- Born: 1695 or earlier
- Died: 26 July 1723 London
- Piratical career
- Allegiance: United Kingdom, Royal African Company
- Rank: Captain Lieutenant Engineer
- Base of operations: Gambia
- Commands: Bumper / Gambia Castle / Delivery

= John Massey (pirate) =

John Massey (died 1723) was a Royal African Company military officer. He is best known for leaving his post in Gambia along with his soldiers to sail with pirate George Lowther.

==History==

Earlier in his life Massey had served at the 1708 Siege of Lille during the War of Spanish Succession, and at several other land battles.

Sent to garrison the RAC fort at Gambia, Massey found the post almost devoid of supplies.

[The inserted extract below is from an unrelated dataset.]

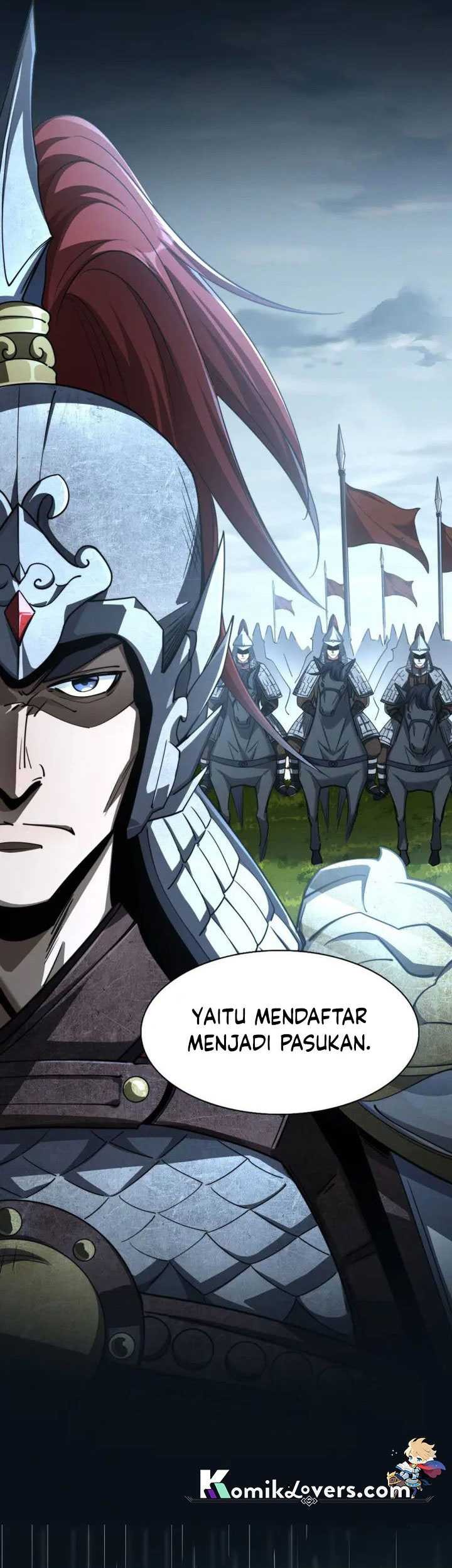 The God of Killers in the Ming Dynasty Chapter 1 Gambar 68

Merchants and victuallers charged with arranging food and water for the troops there had been pocketing the allocated funds - “making it their chief study to enrich themselves in a small time by bringing their scant money to a head without having any regard to ye Company’s interest” - and sending little or no supplies to the fort, and its sickly Governor was unable to help.

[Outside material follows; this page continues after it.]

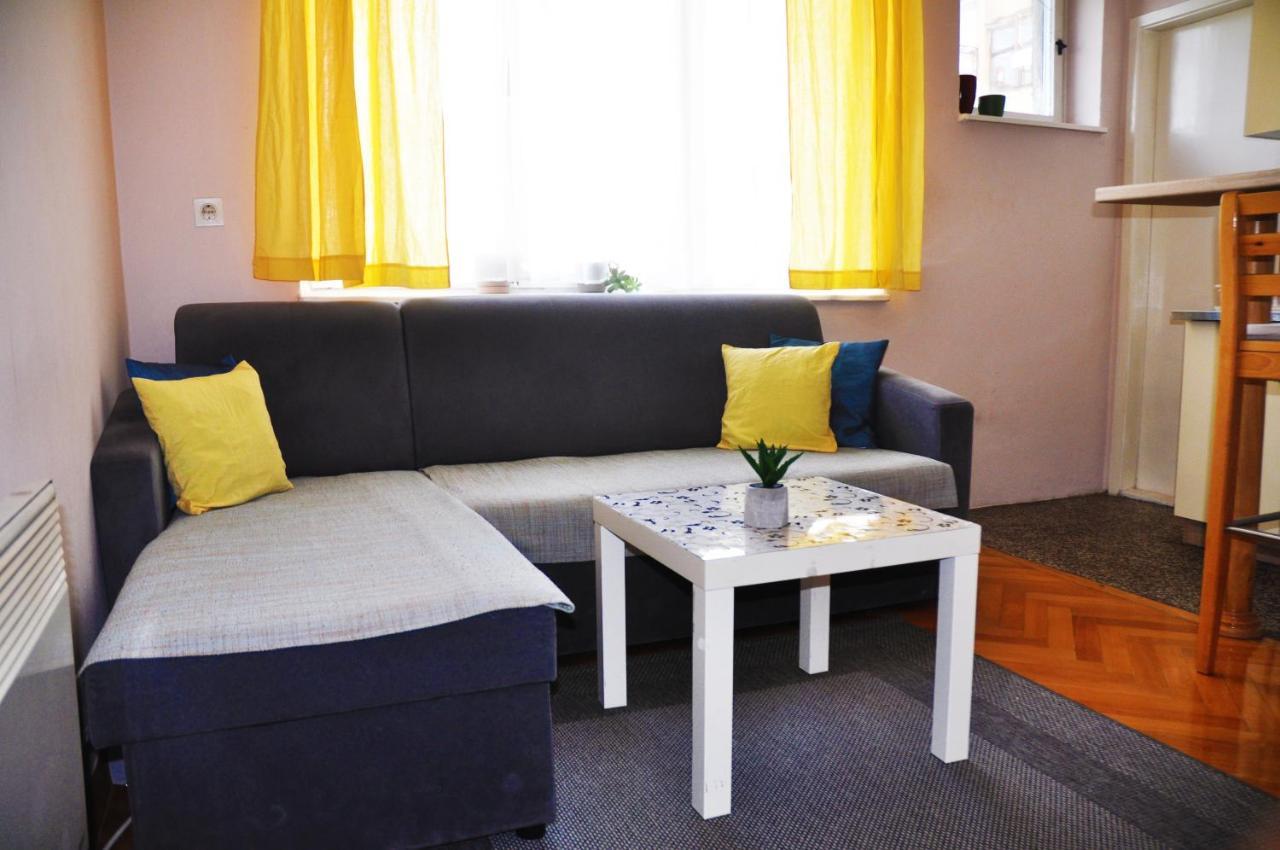 Apartman Visoko Esterno foto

George Lowther, second mate of the supply ship Gambia Castle, (Note: The ship was renamed twice, leading to confusion in the records. It began as Bumper, which Massey called it; the RAC renamed it Gambia Castle, causing crewman Alexander Thompson to call it “Gamboa Castle;” and Lowther renamed it Delivery.) took over the ship and invited Massey and his troops to join them. Faced with a life of sickness and starvation, Massey and his men agreed. Departing Gambia in June 1721, Massey initially wanted only to return to England, but Lowther convinced him to engage in piracy, upon which the crew “took oaths and entered into Articles in Writing for that purpose and prepared black Colours.” (Note: Lowther's Articles are recorded in Charles Johnson's only partially reliable General History of the Pyrates but not attested elsewhere; these may have been the Articles of Lowther's offshoot Edward Low instead.) They soon captured a brigantine from Boston, taking its supplies but leaving a few RAC goods in trade, then a French sloop, then other vessels off St. Croix and Hispaniola.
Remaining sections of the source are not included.